Sur le plan de la gouvernance et des réformes, le scepticisme persiste. Les échecs passés planent lourdement, obscurcissant les promesses actuelles. Ces dernières ne peuvent rester de vaines illusions ; la survie du Liban dépend de leur concrétisation.

Le nœud de la crise est là : un État affaibli, privé de ressources et surpassé par des milices se parant du titre de « défenseurs », doit reprendre le monopole de la sécurité. Les pénuries de personnel et d’équipement entravent toute avancée, mais le poison le plus mortel reste l’arsenal incontrôlé de forces parallèles — des groupes armés qui se légitiment par des slogans creux de « résistance ».

Le président Joseph Aoun n’a pas mâché ses mots pour affirmer la détermination des forces armées à remplir leurs missions.
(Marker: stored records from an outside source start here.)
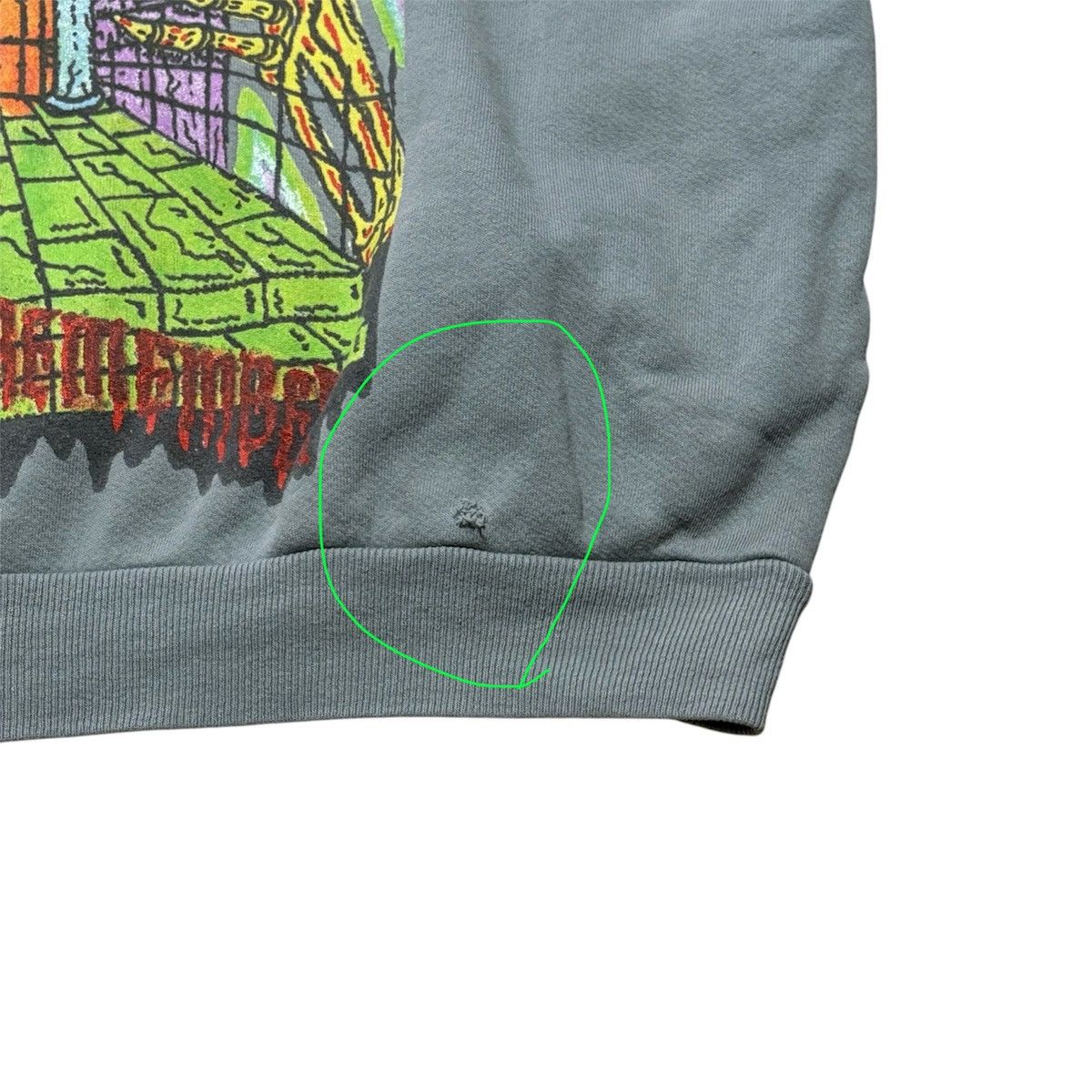 Yeezy YEEZY SEASON 6 XXXTENTACION IT'S A LONELY PLACE HOODIE Size US M / EU 48-50 / 2 - 8 Thumbnail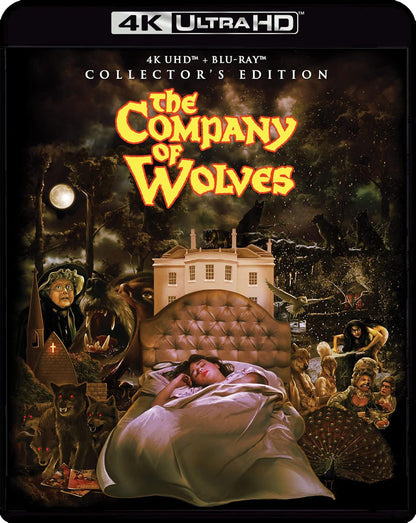 The Company of Wolves: Collector’s Edition 4K UHD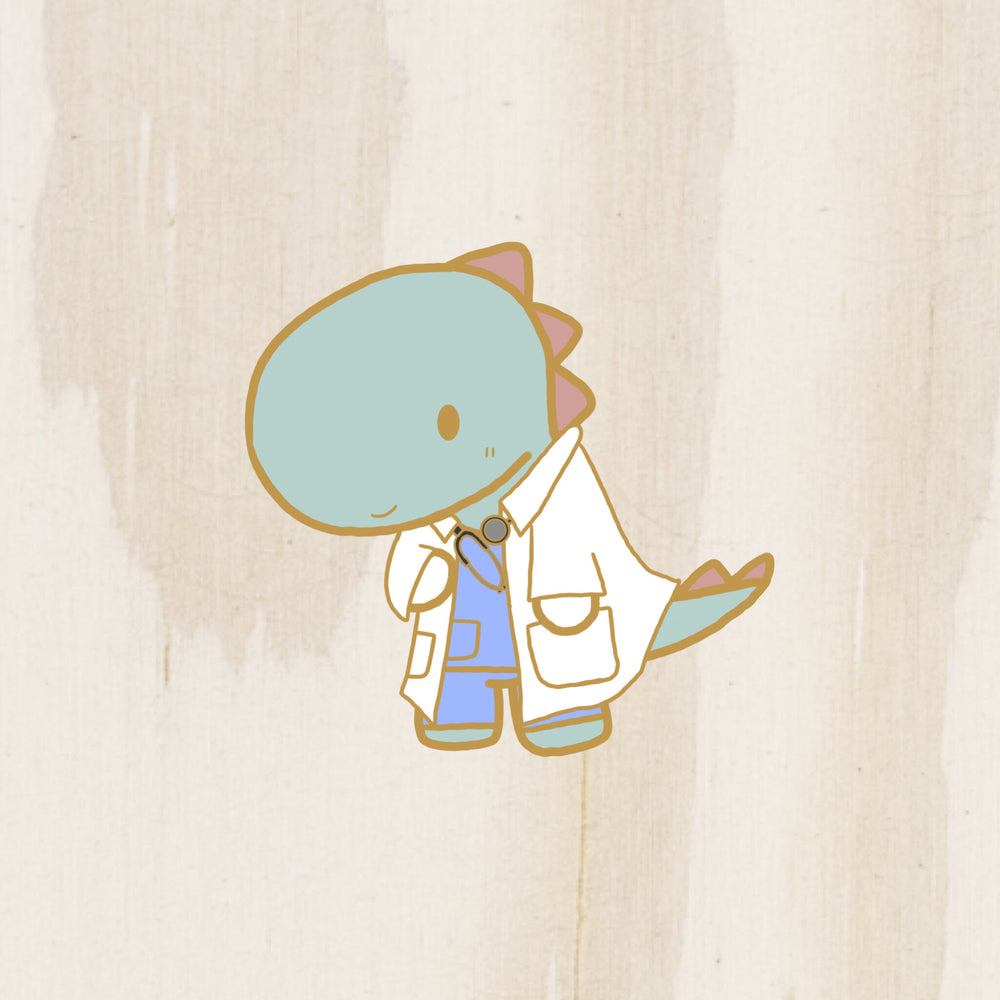 Yongi the Medical Professional (MP) Pin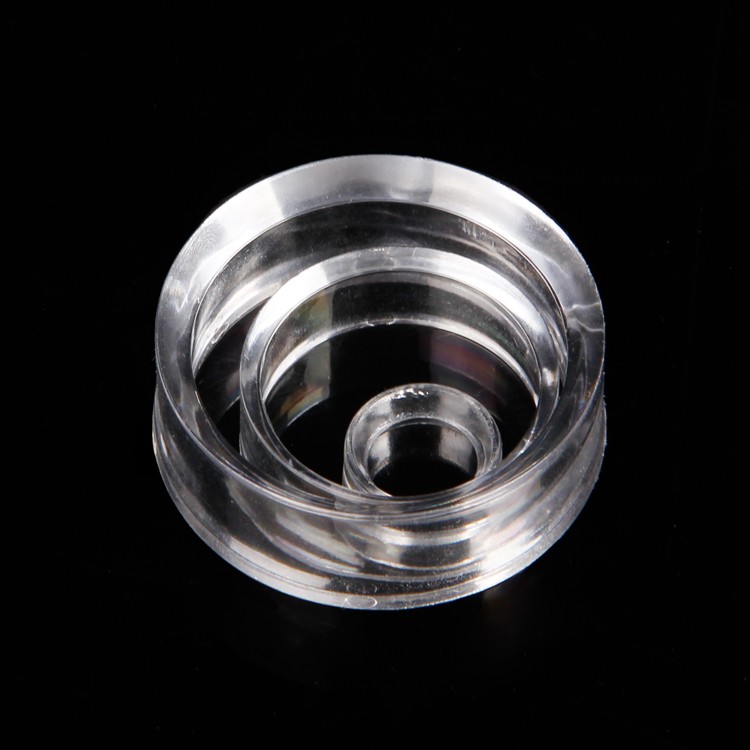 Round Acrylic Sphere Display Stand Holder Plastic Display Rings For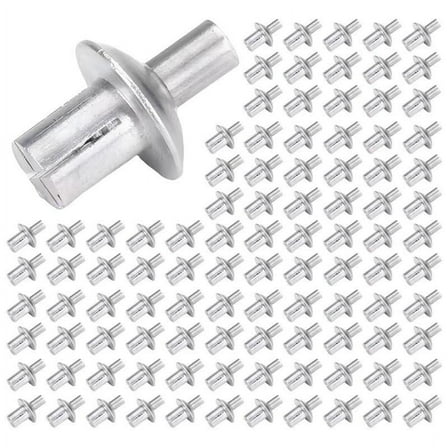 Round Head Solid Rivets Knock Type Expansion Aluminum Dome Rivet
Ses propos trouvent un écho dans le premier « Ordre du jour » du général Rodolphe Haykal, qui souligne la « responsabilité critique » de l’armée dans l’application de la résolution 1701 de l’ONU avec la FINUL, tout en protégeant le front intérieur libanais contre la menace terroriste.

Pourtant, l’aveu sans détour du président révèle l’ampleur de la crise : l’armée a besoin d’un milliard de dollars d’urgence pour l’armement, le recrutement et la formation, afin de mener à bien son double mandat — sécuriser les frontières tout en combattant les menaces internes. Sans cette bouée de sauvetage, les capacités déjà limitées de l’institution risquent de s’effondrer sous le poids des attentes.

Au sud, la frontière frémit alors qu’Israël, enhardi par les garanties américaines, poursuit ses attaques sous couvert de cessez-le-feu. Cet accord — signé par le président du Parlement Nabih Berri au nom du Hezbollah— est sans équivoque : les armes doivent être l’apanage exclusif des forces de l’État, un point c’est tout. La clarté du texte, cependant, ne vaut rien sans application.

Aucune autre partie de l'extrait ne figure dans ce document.